Exercise directions => Every record must appear in the answer exactly as it stands.

[Brief descriptive captions]
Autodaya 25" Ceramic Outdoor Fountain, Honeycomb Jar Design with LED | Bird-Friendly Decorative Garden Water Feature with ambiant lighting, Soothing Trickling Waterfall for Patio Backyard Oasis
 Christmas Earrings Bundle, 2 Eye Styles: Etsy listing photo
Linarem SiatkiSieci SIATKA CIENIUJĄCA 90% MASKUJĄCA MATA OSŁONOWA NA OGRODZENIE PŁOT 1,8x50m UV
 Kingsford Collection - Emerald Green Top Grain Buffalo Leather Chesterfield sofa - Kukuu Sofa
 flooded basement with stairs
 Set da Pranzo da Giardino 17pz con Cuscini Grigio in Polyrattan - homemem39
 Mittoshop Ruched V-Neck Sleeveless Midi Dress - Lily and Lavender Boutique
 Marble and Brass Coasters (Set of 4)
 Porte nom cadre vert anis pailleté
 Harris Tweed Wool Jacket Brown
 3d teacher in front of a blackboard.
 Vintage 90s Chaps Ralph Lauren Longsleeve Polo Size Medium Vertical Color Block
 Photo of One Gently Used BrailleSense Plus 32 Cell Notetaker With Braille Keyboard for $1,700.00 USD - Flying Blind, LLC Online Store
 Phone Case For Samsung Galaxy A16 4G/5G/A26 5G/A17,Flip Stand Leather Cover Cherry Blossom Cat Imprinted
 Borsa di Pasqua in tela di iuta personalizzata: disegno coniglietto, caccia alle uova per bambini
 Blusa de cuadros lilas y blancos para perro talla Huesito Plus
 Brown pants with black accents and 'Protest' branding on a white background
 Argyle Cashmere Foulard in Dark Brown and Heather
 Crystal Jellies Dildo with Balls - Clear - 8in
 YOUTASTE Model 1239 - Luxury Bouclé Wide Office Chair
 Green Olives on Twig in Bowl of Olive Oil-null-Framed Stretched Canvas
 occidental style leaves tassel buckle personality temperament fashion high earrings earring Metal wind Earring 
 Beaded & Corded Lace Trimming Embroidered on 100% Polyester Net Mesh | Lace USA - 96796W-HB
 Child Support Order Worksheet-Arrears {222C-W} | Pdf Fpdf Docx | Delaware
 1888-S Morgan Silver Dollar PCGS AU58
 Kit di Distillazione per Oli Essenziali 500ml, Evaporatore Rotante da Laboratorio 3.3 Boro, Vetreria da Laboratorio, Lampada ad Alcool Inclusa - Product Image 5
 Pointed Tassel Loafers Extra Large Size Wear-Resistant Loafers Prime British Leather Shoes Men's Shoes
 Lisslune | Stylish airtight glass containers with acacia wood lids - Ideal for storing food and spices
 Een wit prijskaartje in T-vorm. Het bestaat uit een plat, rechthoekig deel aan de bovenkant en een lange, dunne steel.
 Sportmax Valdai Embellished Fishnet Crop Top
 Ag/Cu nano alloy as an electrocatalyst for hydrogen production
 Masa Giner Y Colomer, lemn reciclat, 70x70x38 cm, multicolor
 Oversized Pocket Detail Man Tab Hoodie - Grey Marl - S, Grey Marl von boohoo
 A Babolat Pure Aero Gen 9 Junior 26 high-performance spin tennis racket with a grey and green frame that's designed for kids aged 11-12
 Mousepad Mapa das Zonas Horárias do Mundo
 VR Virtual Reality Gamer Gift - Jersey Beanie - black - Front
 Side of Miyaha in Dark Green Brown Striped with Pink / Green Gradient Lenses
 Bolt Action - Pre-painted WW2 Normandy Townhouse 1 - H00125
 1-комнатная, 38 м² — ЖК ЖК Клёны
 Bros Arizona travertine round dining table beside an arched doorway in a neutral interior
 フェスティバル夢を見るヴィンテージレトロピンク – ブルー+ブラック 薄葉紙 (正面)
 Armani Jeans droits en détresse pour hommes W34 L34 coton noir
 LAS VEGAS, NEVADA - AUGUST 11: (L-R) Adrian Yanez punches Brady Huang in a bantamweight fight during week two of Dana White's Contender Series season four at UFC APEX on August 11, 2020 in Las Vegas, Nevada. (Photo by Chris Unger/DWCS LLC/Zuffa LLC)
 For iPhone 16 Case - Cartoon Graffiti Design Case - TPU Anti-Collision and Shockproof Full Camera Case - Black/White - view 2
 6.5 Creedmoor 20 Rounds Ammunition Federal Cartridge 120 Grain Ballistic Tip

Response =>
Autodaya 25" Ceramic Outdoor Fountain, Honeycomb Jar Design with LED | Bird-Friendly Decorative Garden Water Feature with ambiant lighting, Soothing Trickling Waterfall for Patio Backyard Oasis
 Christmas Earrings Bundle, 2 Eye Styles: Etsy listing photo
Linarem SiatkiSieci SIATKA CIENIUJĄCA 90% MASKUJĄCA MATA OSŁONOWA NA OGRODZENIE PŁOT 1,8x50m UV
 Kingsford Collection - Emerald Green Top Grain Buffalo Leather Chesterfield sofa - Kukuu Sofa
 flooded basement with stairs
 Set da Pranzo da Giardino 17pz con Cuscini Grigio in Polyrattan - homemem39
 Mittoshop Ruched V-Neck Sleeveless Midi Dress - Lily and Lavender Boutique
 Marble and Brass Coasters (Set of 4)
 Porte nom cadre vert anis pailleté
 Harris Tweed Wool Jacket Brown
 3d teacher in front of a blackboard.
 Vintage 90s Chaps Ralph Lauren Longsleeve Polo Size Medium Vertical Color Block
 Photo of One Gently Used BrailleSense Plus 32 Cell Notetaker With Braille Keyboard for $1,700.00 USD - Flying Blind, LLC Online Store
 Phone Case For Samsung Galaxy A16 4G/5G/A26 5G/A17,Flip Stand Leather Cover Cherry Blossom Cat Imprinted
 Borsa di Pasqua in tela di iuta personalizzata: disegno coniglietto, caccia alle uova per bambini
 Blusa de cuadros lilas y blancos para perro talla Huesito Plus
 Brown pants with black accents and 'Protest' branding on a white background
 Argyle Cashmere Foulard in Dark Brown and Heather
 Crystal Jellies Dildo with Balls - Clear - 8in
 YOUTASTE Model 1239 - Luxury Bouclé Wide Office Chair
 Green Olives on Twig in Bowl of Olive Oil-null-Framed Stretched Canvas
 occidental style leaves tassel buckle personality temperament fashion high earrings earring Metal wind Earring 
 Beaded & Corded Lace Trimming Embroidered on 100% Polyester Net Mesh | Lace USA - 96796W-HB
 Child Support Order Worksheet-Arrears {222C-W} | Pdf Fpdf Docx | Delaware
 1888-S Morgan Silver Dollar PCGS AU58
 Kit di Distillazione per Oli Essenziali 500ml, Evaporatore Rotante da Laboratorio 3.3 Boro, Vetreria da Laboratorio, Lampada ad Alcool Inclusa - Product Image 5
 Pointed Tassel Loafers Extra Large Size Wear-Resistant Loafers Prime British Leather Shoes Men's Shoes
 Lisslune | Stylish airtight glass containers with acacia wood lids - Ideal for storing food and spices
 Een wit prijskaartje in T-vorm. Het bestaat uit een plat, rechthoekig deel aan de bovenkant en een lange, dunne steel.
 Sportmax Valdai Embellished Fishnet Crop Top
 Ag/Cu nano alloy as an electrocatalyst for hydrogen production
 Masa Giner Y Colomer, lemn reciclat, 70x70x38 cm, multicolor
 Oversized Pocket Detail Man Tab Hoodie - Grey Marl - S, Grey Marl von boohoo
 A Babolat Pure Aero Gen 9 Junior 26 high-performance spin tennis racket with a grey and green frame that's designed for kids aged 11-12
 Mousepad Mapa das Zonas Horárias do Mundo
 VR Virtual Reality Gamer Gift - Jersey Beanie - black - Front
 Side of Miyaha in Dark Green Brown Striped with Pink / Green Gradient Lenses
 Bolt Action - Pre-painted WW2 Normandy Townhouse 1 - H00125
 1-комнатная, 38 м² — ЖК ЖК Клёны
 Bros Arizona travertine round dining table beside an arched doorway in a neutral interior
 フェスティバル夢を見るヴィンテージレトロピンク – ブルー+ブラック 薄葉紙 (正面)
 Armani Jeans droits en détresse pour hommes W34 L34 coton noir
 LAS VEGAS, NEVADA - AUGUST 11: (L-R) Adrian Yanez punches Brady Huang in a bantamweight fight during week two of Dana White's Contender Series season four at UFC APEX on August 11, 2020 in Las Vegas, Nevada. (Photo by Chris Unger/DWCS LLC/Zuffa LLC)
 For iPhone 16 Case - Cartoon Graffiti Design Case - TPU Anti-Collision and Shockproof Full Camera Case - Black/White - view 2
 6.5 Creedmoor 20 Rounds Ammunition Federal Cartridge 120 Grain Ballistic Tip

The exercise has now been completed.